BEGIN Records to process
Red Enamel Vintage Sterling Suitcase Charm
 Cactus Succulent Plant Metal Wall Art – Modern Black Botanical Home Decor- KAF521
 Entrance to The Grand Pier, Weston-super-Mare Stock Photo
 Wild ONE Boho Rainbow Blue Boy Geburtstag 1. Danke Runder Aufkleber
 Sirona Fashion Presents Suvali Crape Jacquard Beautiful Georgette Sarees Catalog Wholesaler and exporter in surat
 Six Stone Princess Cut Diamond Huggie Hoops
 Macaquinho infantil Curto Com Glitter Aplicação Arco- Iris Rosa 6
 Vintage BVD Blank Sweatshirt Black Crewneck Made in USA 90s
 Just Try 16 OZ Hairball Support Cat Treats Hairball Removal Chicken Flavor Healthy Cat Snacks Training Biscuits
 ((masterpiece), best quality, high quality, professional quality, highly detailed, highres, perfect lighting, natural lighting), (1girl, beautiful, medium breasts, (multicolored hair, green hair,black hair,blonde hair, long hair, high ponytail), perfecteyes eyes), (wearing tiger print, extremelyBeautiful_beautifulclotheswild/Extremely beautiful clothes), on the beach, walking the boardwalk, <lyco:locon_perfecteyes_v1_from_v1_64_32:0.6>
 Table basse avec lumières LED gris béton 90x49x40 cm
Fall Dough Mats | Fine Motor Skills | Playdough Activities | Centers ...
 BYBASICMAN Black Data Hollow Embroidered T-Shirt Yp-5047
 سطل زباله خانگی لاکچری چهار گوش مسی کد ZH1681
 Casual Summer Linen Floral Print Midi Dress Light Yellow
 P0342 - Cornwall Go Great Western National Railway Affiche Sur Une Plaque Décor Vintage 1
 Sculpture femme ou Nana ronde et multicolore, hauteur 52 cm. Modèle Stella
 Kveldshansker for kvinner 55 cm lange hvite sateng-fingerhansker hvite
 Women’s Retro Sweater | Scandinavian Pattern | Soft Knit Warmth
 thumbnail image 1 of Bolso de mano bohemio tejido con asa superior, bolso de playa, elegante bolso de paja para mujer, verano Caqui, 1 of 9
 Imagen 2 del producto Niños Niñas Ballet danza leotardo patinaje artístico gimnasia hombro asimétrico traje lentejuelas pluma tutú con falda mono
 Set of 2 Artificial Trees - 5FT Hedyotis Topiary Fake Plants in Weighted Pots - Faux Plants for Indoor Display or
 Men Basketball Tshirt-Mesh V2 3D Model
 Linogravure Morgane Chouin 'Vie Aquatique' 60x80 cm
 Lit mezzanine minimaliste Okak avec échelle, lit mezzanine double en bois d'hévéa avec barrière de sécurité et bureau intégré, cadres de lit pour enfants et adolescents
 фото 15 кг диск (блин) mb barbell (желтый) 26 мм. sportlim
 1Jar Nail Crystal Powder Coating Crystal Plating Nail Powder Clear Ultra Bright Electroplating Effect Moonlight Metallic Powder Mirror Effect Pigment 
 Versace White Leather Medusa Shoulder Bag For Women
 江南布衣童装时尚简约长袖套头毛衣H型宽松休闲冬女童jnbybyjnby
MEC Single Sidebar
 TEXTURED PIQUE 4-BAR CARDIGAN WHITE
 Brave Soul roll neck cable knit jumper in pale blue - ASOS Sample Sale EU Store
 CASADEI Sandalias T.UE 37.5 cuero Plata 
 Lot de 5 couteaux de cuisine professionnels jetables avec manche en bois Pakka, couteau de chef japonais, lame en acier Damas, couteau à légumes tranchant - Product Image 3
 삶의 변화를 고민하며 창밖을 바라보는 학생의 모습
END Records to process
• _What this task involves_:
Reproduce exactly the entries above, limited to the lines from the one with "Fall Dough Mats" through the one with "Linogravure Morgane Chouin", both included.

• _Task output_:
Fall Dough Mats | Fine Motor Skills | Playdough Activities | Centers ...
 BYBASICMAN Black Data Hollow Embroidered T-Shirt Yp-5047
 سطل زباله خانگی لاکچری چهار گوش مسی کد ZH1681
 Casual Summer Linen Floral Print Midi Dress Light Yellow
 P0342 - Cornwall Go Great Western National Railway Affiche Sur Une Plaque Décor Vintage 1
 Sculpture femme ou Nana ronde et multicolore, hauteur 52 cm. Modèle Stella
 Kveldshansker for kvinner 55 cm lange hvite sateng-fingerhansker hvite
 Women’s Retro Sweater | Scandinavian Pattern | Soft Knit Warmth
 thumbnail image 1 of Bolso de mano bohemio tejido con asa superior, bolso de playa, elegante bolso de paja para mujer, verano Caqui, 1 of 9
 Imagen 2 del producto Niños Niñas Ballet danza leotardo patinaje artístico gimnasia hombro asimétrico traje lentejuelas pluma tutú con falda mono
 Set of 2 Artificial Trees - 5FT Hedyotis Topiary Fake Plants in Weighted Pots - Faux Plants for Indoor Display or
 Men Basketball Tshirt-Mesh V2 3D Model
 Linogravure Morgane Chouin 'Vie Aquatique' 60x80 cm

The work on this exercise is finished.